First off, the reason I have chosen a pink layout for this blog is not because I am in love with the color pink. I am hoping that looking at it daily will be cheerful and helpful to me as time goes on. We'll see.
I have recently been trying to set myself little mini-goals daily to try and figure out what I have going on. I feel like if I can accomplish one thing every day, then I can feel as though I truly am improving.
My friend K said to me the other night when I was telling her that I was giving up (because trust me, when you have been to hell and back as many times as me, you are more than ready to give up), that she figures someday I will take my illness, take the bad luck that has befallen me over and over again, and find a way to live with it. In fact, not just live with it, live ON it. She figures someday I will be using a talent that I have squirreled away (writing) and manage to get all of it written down somewhere, be published, etc.

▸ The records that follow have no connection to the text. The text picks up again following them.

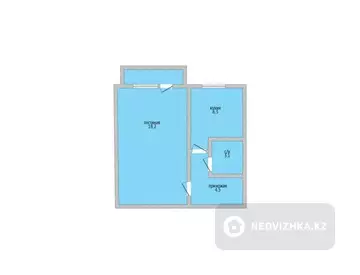 1-комнатная квартира, этаж 2 из 5, 33 м²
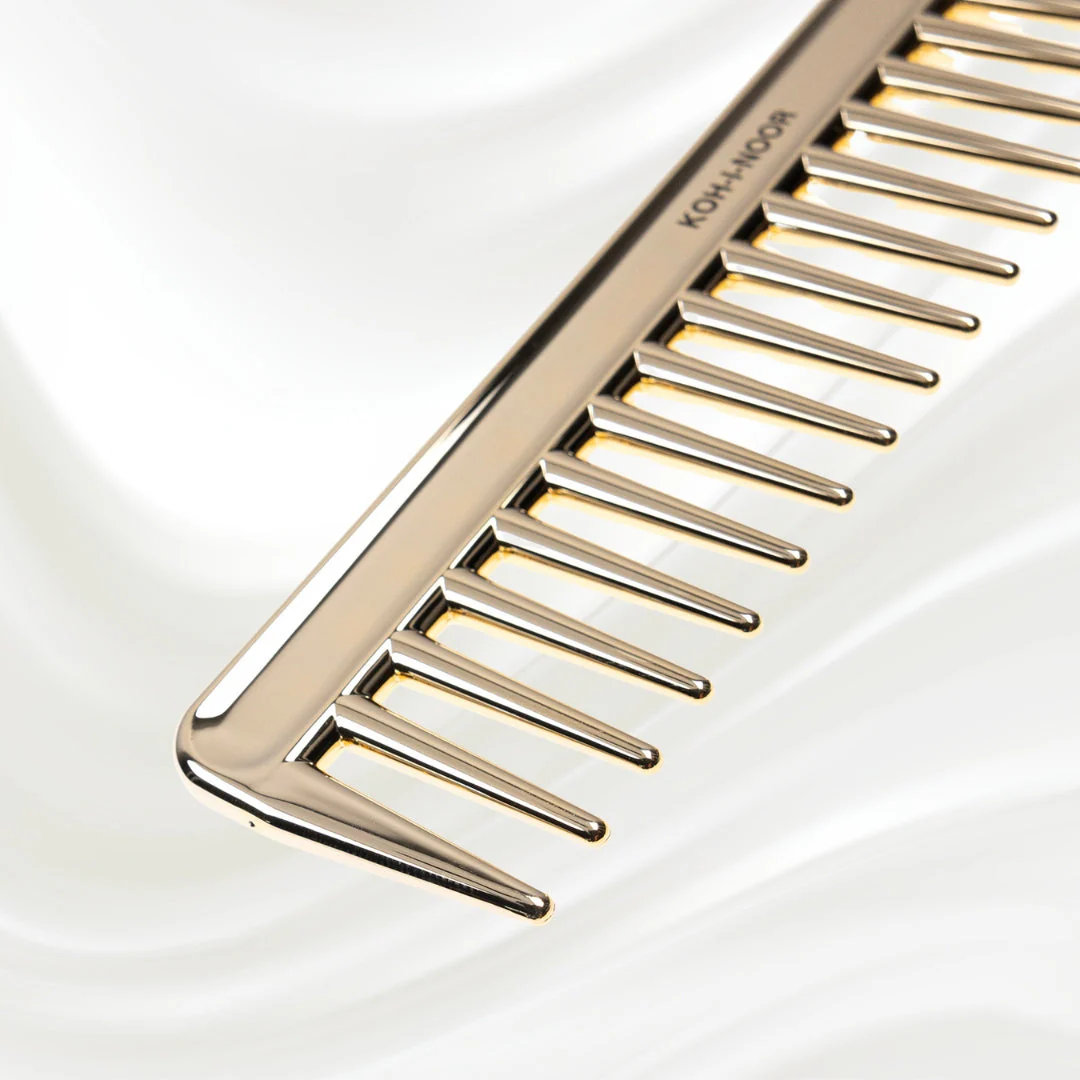 Metallic Wide Tooth Comb - Chrome & Gold Plated for Wet Hair Detangling - Image 4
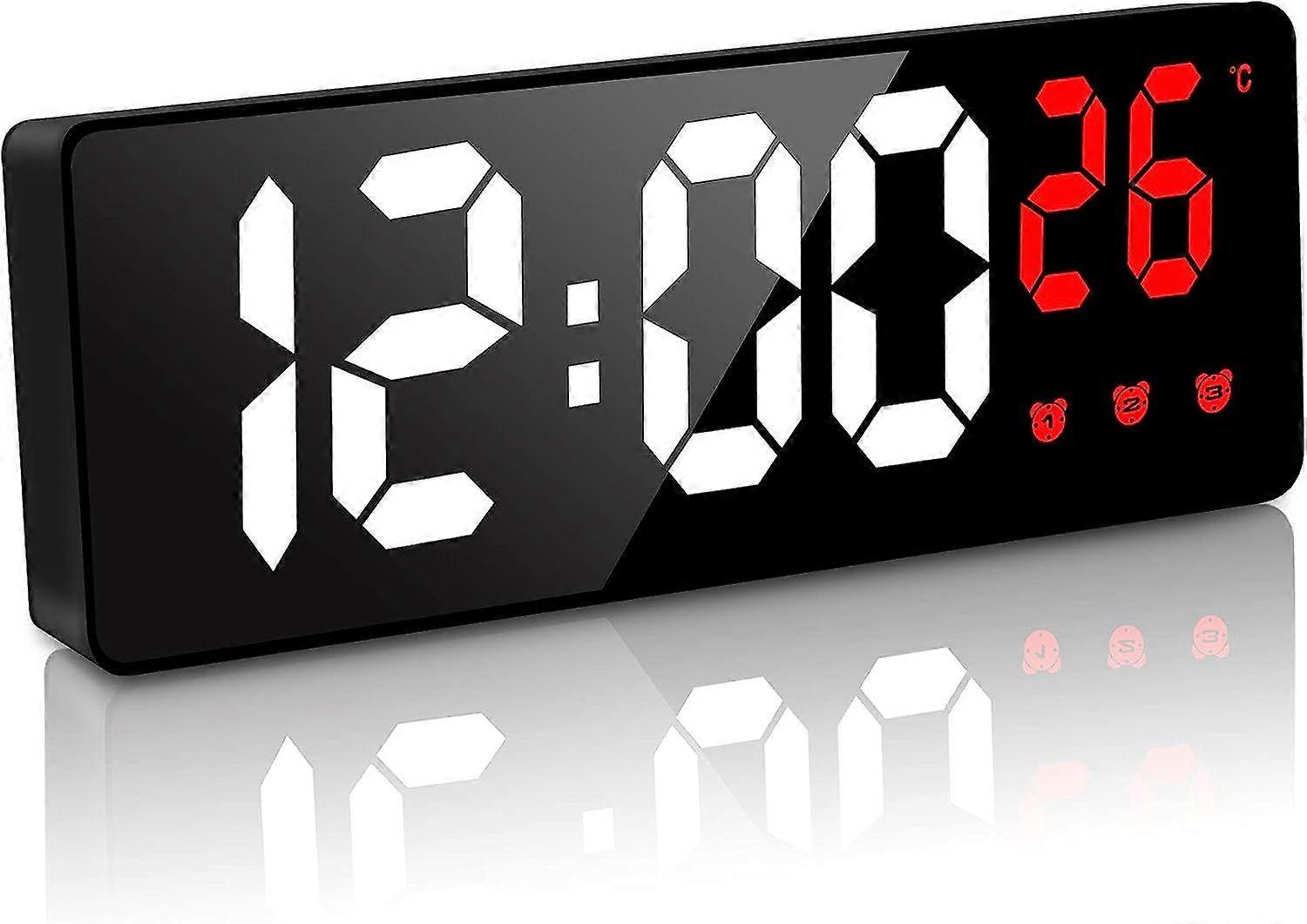 Digital Alarm Clock, 6.7" LED Digital Alarm Clock with Temperature/Tick-Free/for Adults and Kids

I like to think that she is right and it could happen. But on the other hand, with the way that things are going lately, I am not sure that it ever will happen. Right now my head is so out of it, and has been for so long, that I am unsure that it will ever come back to where my head feels like it needs to be for me to be a successful person. I feel like I have failed over and over, honestly, and I am not sure what I can do about it.
Aspects of my life that I feel I have failed:
1. School
2. Music
3. Finances
4. Career at former firm
5. License exam (3x)
6. Relationships (every one I have been in since the age of 17)
I am exhausted of complaining to my friends and parents about what a failure I feel like. So that is part of the reason that I have started this. Of course, the other part of that is in hopes that, like K said, someday I get around to pulling all of this together and maybe can take some kind of recording of my "crazy time" when I am in it. Unfortunately, too often my hands stop working and then I can't even hold a pen or something.
I hope I can end up with some sense of lucidity on this, just enough that I can make it out in the future if I do go back to attempt to re-record my life.
So to go back to the earlier point I made about having little goals every day? I would like to record them here. Yesterday's was "make it to work." Check. Friday's was "call a psychiatrist." Check.
Today's goal: Do not call mom at all unless she calls you, or it is after 9 pm.
Stay tuned for tomorrow or later to see if I make it!
I am meeting J for dinner in about an hour. We are going to a seafood place. I am hopeful that I will be able to sit still and not fidget or shake too much, as that is what I have been doing all day. I try to come across as normal, because I don't want anyone to think any less of me. It scares me to be so "sick" if sick is the proper term for what is going on with me. It scares me that other people could find out.